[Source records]
————

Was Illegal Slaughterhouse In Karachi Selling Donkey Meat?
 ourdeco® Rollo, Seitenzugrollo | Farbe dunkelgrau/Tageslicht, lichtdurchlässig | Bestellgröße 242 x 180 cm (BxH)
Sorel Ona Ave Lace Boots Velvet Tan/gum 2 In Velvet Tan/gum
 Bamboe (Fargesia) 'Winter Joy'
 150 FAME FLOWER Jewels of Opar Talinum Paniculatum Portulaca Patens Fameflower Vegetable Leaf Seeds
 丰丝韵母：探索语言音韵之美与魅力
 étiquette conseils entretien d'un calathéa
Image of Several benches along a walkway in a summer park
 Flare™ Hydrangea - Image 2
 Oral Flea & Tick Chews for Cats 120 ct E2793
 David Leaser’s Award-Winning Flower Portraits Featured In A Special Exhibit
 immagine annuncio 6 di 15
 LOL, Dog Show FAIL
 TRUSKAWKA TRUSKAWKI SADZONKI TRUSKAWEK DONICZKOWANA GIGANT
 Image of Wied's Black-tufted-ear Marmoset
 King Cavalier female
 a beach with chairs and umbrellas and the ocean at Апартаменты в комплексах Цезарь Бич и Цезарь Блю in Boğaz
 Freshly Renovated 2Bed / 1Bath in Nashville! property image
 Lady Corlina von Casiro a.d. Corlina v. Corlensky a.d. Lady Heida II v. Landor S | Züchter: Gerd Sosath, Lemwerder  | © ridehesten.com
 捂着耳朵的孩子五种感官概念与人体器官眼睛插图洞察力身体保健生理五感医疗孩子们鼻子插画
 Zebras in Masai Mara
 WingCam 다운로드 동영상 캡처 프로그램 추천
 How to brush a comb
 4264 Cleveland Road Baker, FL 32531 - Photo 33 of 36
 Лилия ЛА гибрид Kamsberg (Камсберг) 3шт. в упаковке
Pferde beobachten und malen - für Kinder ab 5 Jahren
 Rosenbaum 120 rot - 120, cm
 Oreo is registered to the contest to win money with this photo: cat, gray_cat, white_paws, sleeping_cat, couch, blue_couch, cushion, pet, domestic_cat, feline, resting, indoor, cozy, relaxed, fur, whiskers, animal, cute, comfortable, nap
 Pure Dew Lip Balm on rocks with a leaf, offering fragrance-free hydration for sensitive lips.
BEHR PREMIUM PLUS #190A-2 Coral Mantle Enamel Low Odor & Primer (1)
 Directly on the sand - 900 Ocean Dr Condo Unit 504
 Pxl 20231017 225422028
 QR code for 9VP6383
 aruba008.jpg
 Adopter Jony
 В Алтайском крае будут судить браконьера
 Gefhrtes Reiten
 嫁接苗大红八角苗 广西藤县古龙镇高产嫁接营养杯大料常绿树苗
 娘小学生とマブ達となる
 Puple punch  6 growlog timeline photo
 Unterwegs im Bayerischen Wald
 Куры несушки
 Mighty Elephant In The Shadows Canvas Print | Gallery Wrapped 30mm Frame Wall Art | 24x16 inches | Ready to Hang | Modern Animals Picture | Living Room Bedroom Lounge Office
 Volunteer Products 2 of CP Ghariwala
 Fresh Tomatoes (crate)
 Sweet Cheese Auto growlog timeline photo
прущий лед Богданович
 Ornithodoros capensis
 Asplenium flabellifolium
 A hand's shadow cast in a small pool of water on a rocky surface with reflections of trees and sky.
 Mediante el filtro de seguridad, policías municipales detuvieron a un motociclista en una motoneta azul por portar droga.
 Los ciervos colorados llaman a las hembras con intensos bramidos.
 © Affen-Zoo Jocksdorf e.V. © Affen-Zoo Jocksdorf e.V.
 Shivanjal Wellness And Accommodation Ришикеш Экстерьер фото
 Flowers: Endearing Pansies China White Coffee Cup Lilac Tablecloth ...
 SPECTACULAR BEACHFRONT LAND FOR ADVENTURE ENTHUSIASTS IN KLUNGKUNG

————

### What is needed
The reply should consist solely of the lines above from the one that has "étiquette conseils entretien d'un calathéa" through the one that has "WingCam 다운로드 동영상 캡처 프로그램 추천", reproduced exactly.

### Answer to the exercise
 étiquette conseils entretien d'un calathéa
Image of Several benches along a walkway in a summer park
 Flare™ Hydrangea - Image 2
 Oral Flea & Tick Chews for Cats 120 ct E2793
 David Leaser’s Award-Winning Flower Portraits Featured In A Special Exhibit
 immagine annuncio 6 di 15
 LOL, Dog Show FAIL
 TRUSKAWKA TRUSKAWKI SADZONKI TRUSKAWEK DONICZKOWANA GIGANT
 Image of Wied's Black-tufted-ear Marmoset
 King Cavalier female
 a beach with chairs and umbrellas and the ocean at Апартаменты в комплексах Цезарь Бич и Цезарь Блю in Boğaz
 Freshly Renovated 2Bed / 1Bath in Nashville! property image
 Lady Corlina von Casiro a.d. Corlina v. Corlensky a.d. Lady Heida II v. Landor S | Züchter: Gerd Sosath, Lemwerder  | © ridehesten.com
 捂着耳朵的孩子五种感官概念与人体器官眼睛插图洞察力身体保健生理五感医疗孩子们鼻子插画
 Zebras in Masai Mara
 WingCam 다운로드 동영상 캡처 프로그램 추천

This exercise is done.